We will consider all areas of knowledge and bring the perspectives together through the collective story of D Division's Commitment to Reconciliation. The following is a list of D Division's proposed, and in progress, initiatives:

  • working closely with Indigenous Elders and Leaders to better understand RCMP protocols, and the underlying rationale for those protocols
  • continuing all initiatives already in progress
  • ensuring that D Division will maintain a family room for the families of MMIWG, Project Devote, and investigators, to use
  • ensuring the proper use of Indigenous symbols and traditions
  • enhancing the Rural Crime Watch and Crime Stoppers Programs
  • developing additional educational programming on gangs and drugs for Indigenous communities and schools through Crime Prevention Services and Indigenous Policing Services
  • continuing work on the First Nations Outreach Community Pilot Project
  • continuing to advocate for an enhanced operational Community Mobilization Team to provide specialized crime prevention, intervention, and education, in communities that need it most
  • continued development of an intervention and innovation unit to examine, research, and implement
  • best practices in reducing violence towards women and children
  • revitalization of exploited persons presentations
  • working with the CO's Indigenous Advisory Council to develop greater oversight and accountability, in support of the D Division Reconciliation Story
  • continuing to work with the community justice forums on Restorative Justice initiatives, and with the provincial coordinator, as it relates to D Division's Restorative Justice Plan
  • continuing to work on the MMIWG Report recommendations and finding ways to implement recommendations and calls to action in D Division RCMP, including addressing the following at the divisional level:
    • Core Policing Functions – enhancing and improving investigations, prevention, education, Indigenous units and policing
    • Police Administration and Operations – enhancing victim services, recruiting and retention, advisory committee and oversight, research, and reporting
    • Reconciliation, Communication and Partnerships – improved communication, reconciliation, and meaningful partnerships
  • supporting National RCMP Vision 150 objective of providing leading edge policing services
  • addressing employee misconduct immediately, and swiftly, when it arises, and continuing to enforce RCMP Code of Conduct.

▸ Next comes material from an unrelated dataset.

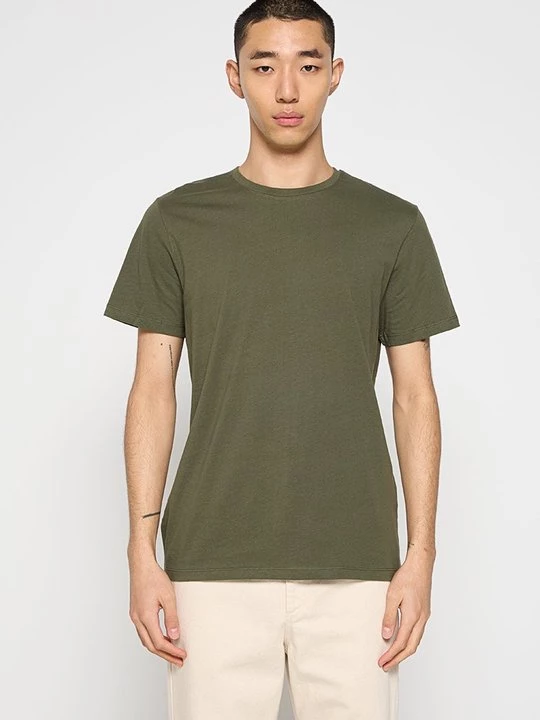 Foto van product T-shirt basic Selected donkergroen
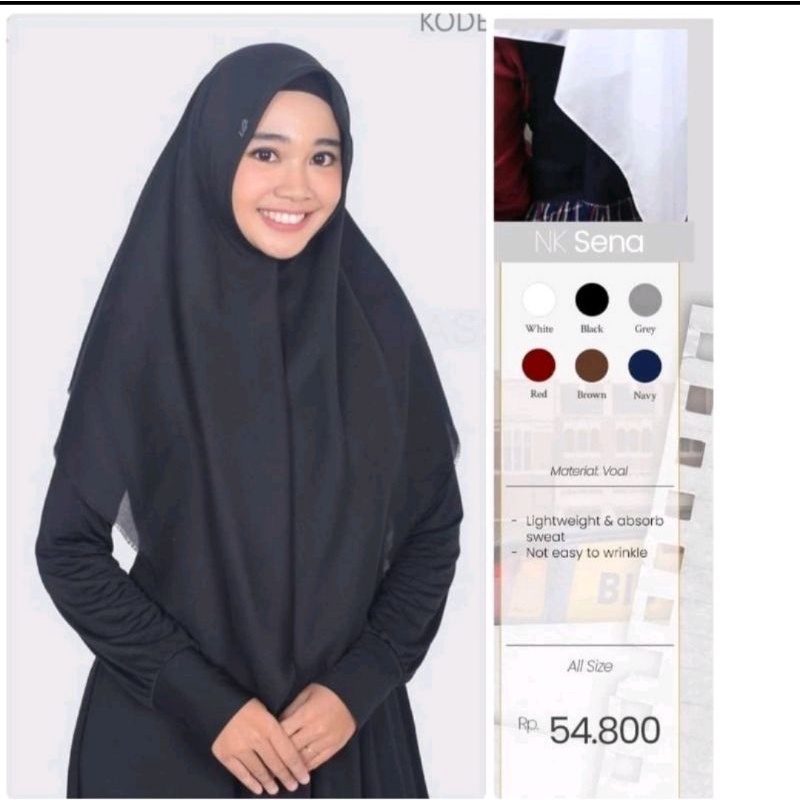 ORI RABBANI Kerudung sekolah sena voal instan rabbani putih dan abu all size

The list will be added to, and revised over time, based on the direction and guidance we receive from Manitoba's First Nation, Inuit, and Metis Peoples. The four substantive areas for reconciliation, and the proposed initiatives, are at various stages of development.

The next chapter

D Division's Reconciliation Story does not conclude here; it is a living document. We will take what we have learned and go back to our First Nations, Metis and Inuit, Peoples.  We will present them with this living document, and ask them if we are on the right path. We will, once again, seek their help to show us the way, and we will listen and reflect deeply on the wisdom they graciously provide us. We will not stop at reflecting deeply; we will also act and continue to engage, to evaluate our growth together. We will take concrete steps towards reconciliation based on the lessons we learn. Together, side by side, we will move forward in our story of reconciliation.